Feeling Your Feelings Is How You Get Honest
- lucywishart7
- Feb 9
- 1 min read
There’s a point in emotional work that no one really warns you about.
It’s not when you start noticing your feelings.
It’s when you actually feel them.
Because the moment you do, your mind loses its favourite excuse.
Up until then, anxiety can pretend it’s mysterious.
Complicated.
Personal.
Something that needs managing forever.
But once you feel the feeling — fully, honestly, without trying to fix it — something awkward happens:
You realise you’re not broken.
You’re just avoiding something real.
At first, your mind will protest loudly.
It will genuinely think you’re going to die.
(It’s very dramatic.)
But if you stay — feel, pause, move, come back — your nervous system learns the truth:
I can feel this and live.
That’s the moment anxiety starts to unravel.

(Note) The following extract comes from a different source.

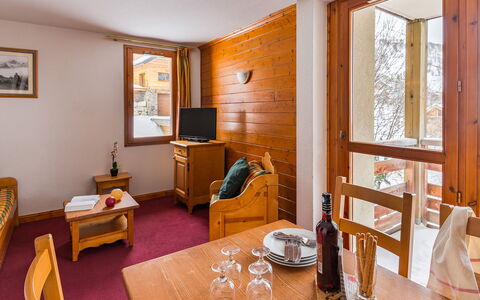 Valloire 651: Tavolo, Cornice, Mobilia, Proprietà, Legna, Sedia, Interior Design, Pavimento, Tavola, Finestra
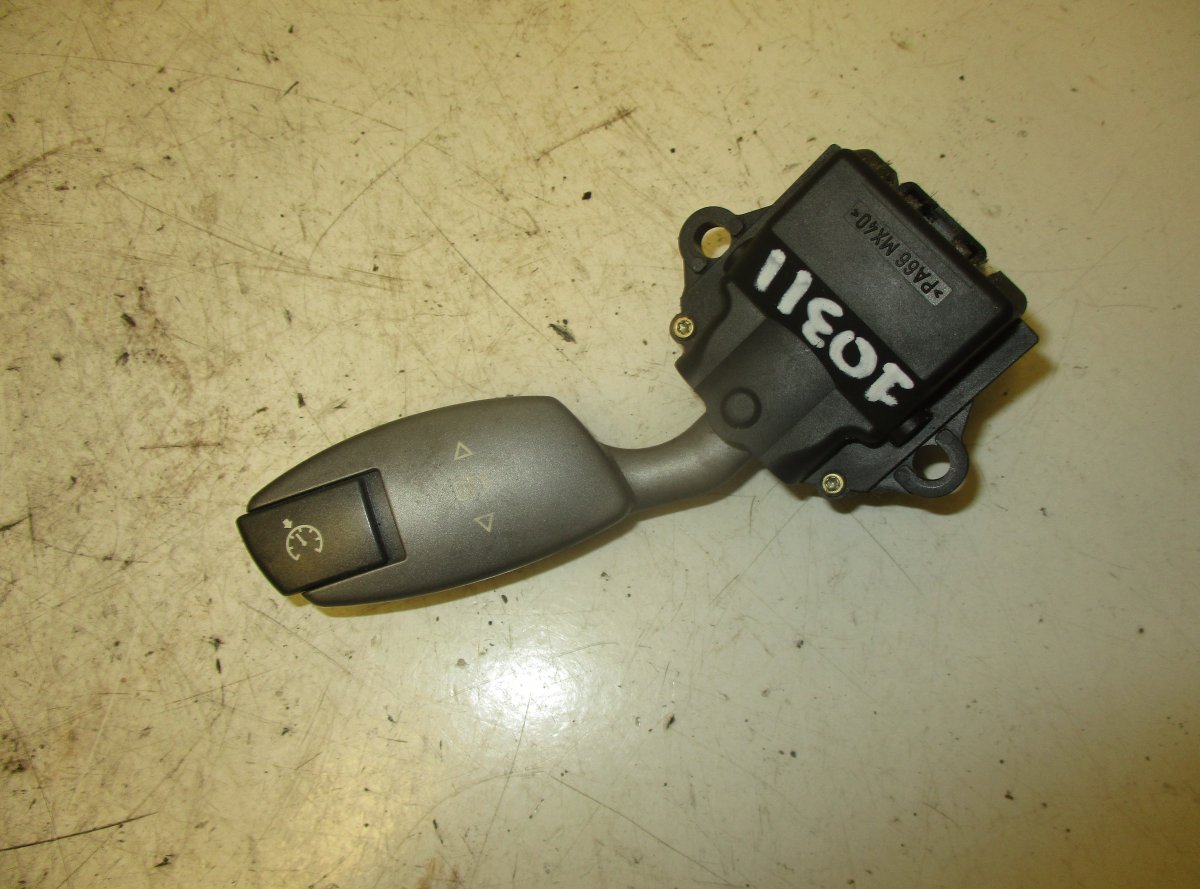 BMW 7 (E65 / E66 / E67 / E68) Cruise control switch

And here’s the part people don’t talk about enough:
Feeling your feelings doesn’t just reduce anxiety.
It makes you honest.
Because once you feel what’s actually there — grief, anger, longing, clarity — your life can’t stay the same.
You either:
follow through and let your outer world realign
or stay stuck and feel the cost of ignoring what you now know
There’s no neutral option once truth is embodied.
That’s why this work is simple — but not easy.
And why it changes everything without trying to.
Feelings don’t need managing.
They need feeling.
And once you do, reality has a way of catching up.